Objet numérique et mécénat populaire
Le projet de loi dit « création et internet » fait actuellement grand bruit. Beaucoup s’inquiètent des dérives potentielles en matière d’atteinte aux libertés individuelles, à un moment ou le contrôle du réseaux est de plus en plus d’actualité. On part de la réalité factuelle de l’oeuvre numérique comme objet économique.

Oeuvre et objet numérique
Le fichier MP3 a une double facette, c’est une oeuvre et un objet numérique.

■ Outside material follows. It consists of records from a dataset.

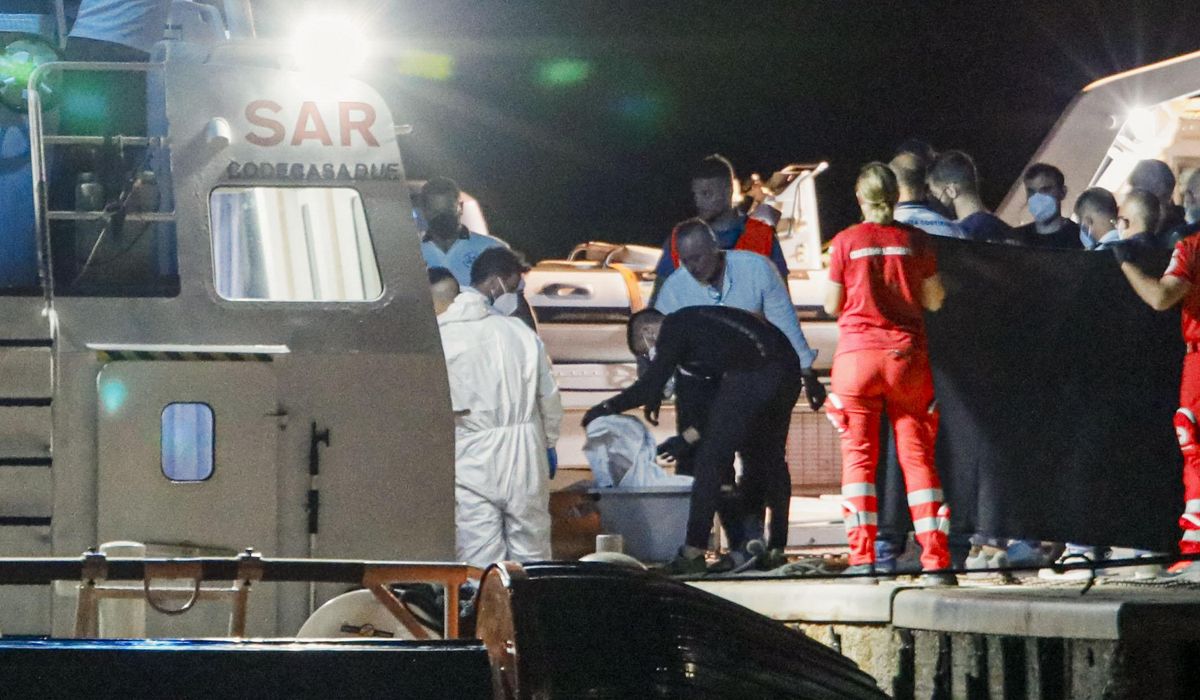 NextImg:Italian coast guard recovers 14 more bodies of shipwreck victims off Calabria, dozens still missing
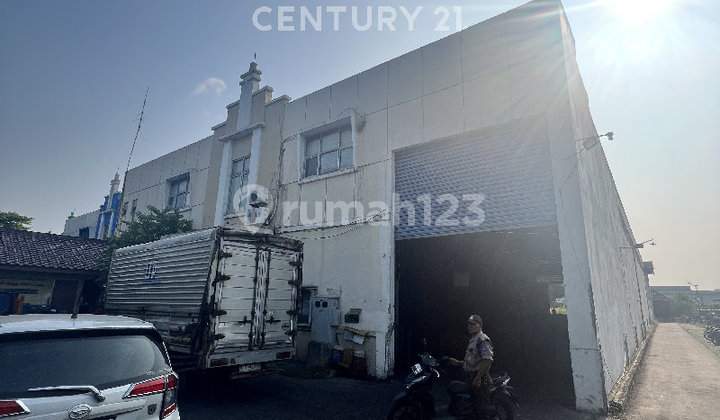 Pabrik Gudang Ex Stamping Di Kawasan Industri Jababeka Luas 2047m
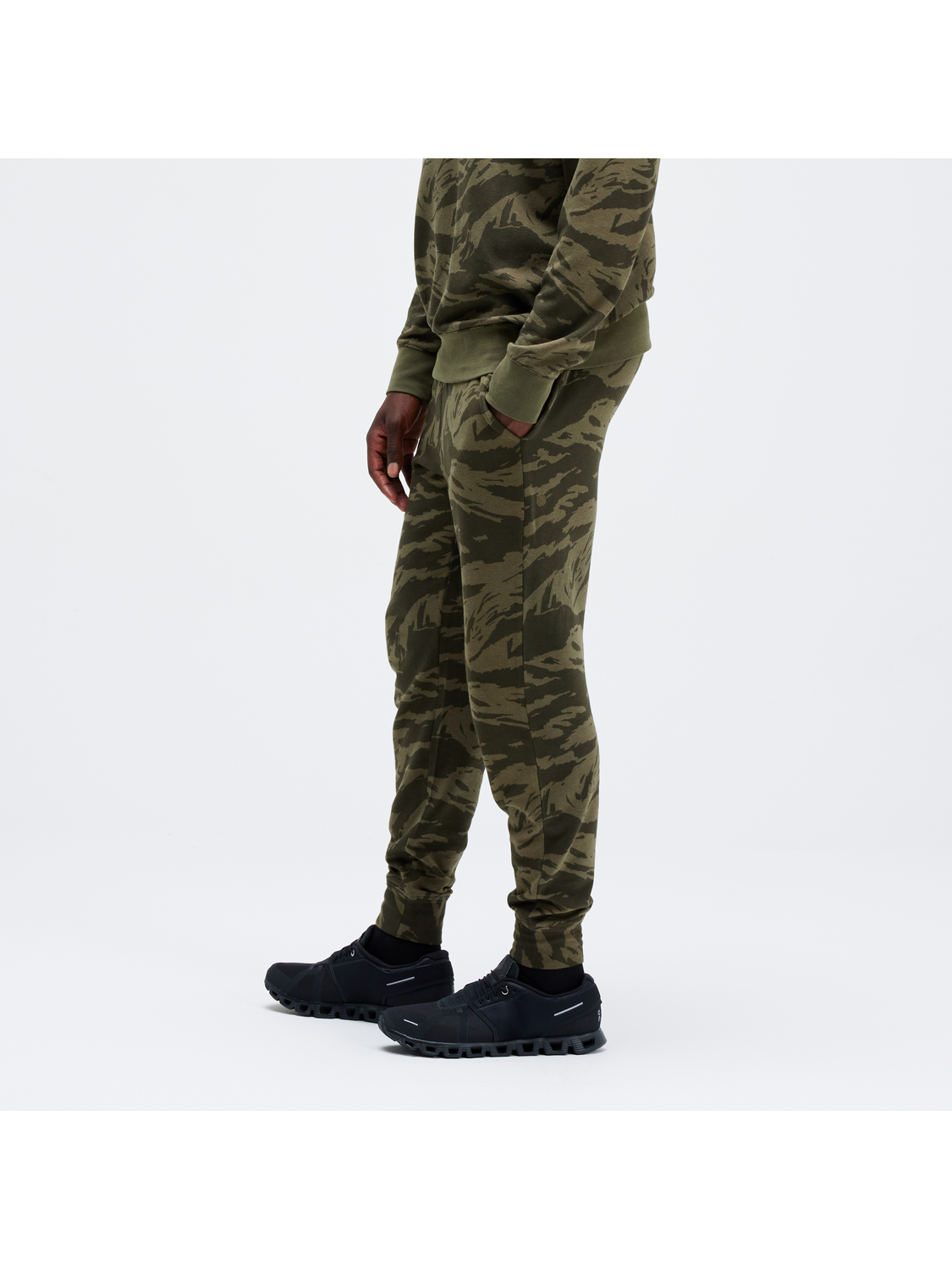 SHELTER JOGGER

Un petit retour en arrière s’impose. Pendant longtemps, la valeur marchande d’une oeuvre musicale, cinématographique, était définie par la valeur propre de l’oeuvre (production...etc) et était distribuée via un support physique, dont le coût était aussi pris en compte. Le support physique limite matériellement la diffusion de l’oeuvre, une certaine rareté est établie, un droit exclusif pour le possesseur du support qui en justifie le prix.
Oui, mais lorsque le support disparaît, que se passe-t-il ? Ce qui justifiait la rareté de l’oeuvre n’est plus. L’oeuvre est libérée de son attachement, et redevient « réellement » une oeuvre de l’esprit, elle circule à la manière d’un chant oral ; l’internet est cette voix, et elle circulera aussi longtemps qu’il existera une trace dans les disques dur (la mémoire humaine s’il fallait comparer). L’ère numérique anéantit complètement la notion même de propriété intellectuelle : car la propriété est un droit exclusif, à l’égard des tiers, or cette exclusion est impossible MATERIELLEMENT, car la chose peut se multiplier à l’infinie.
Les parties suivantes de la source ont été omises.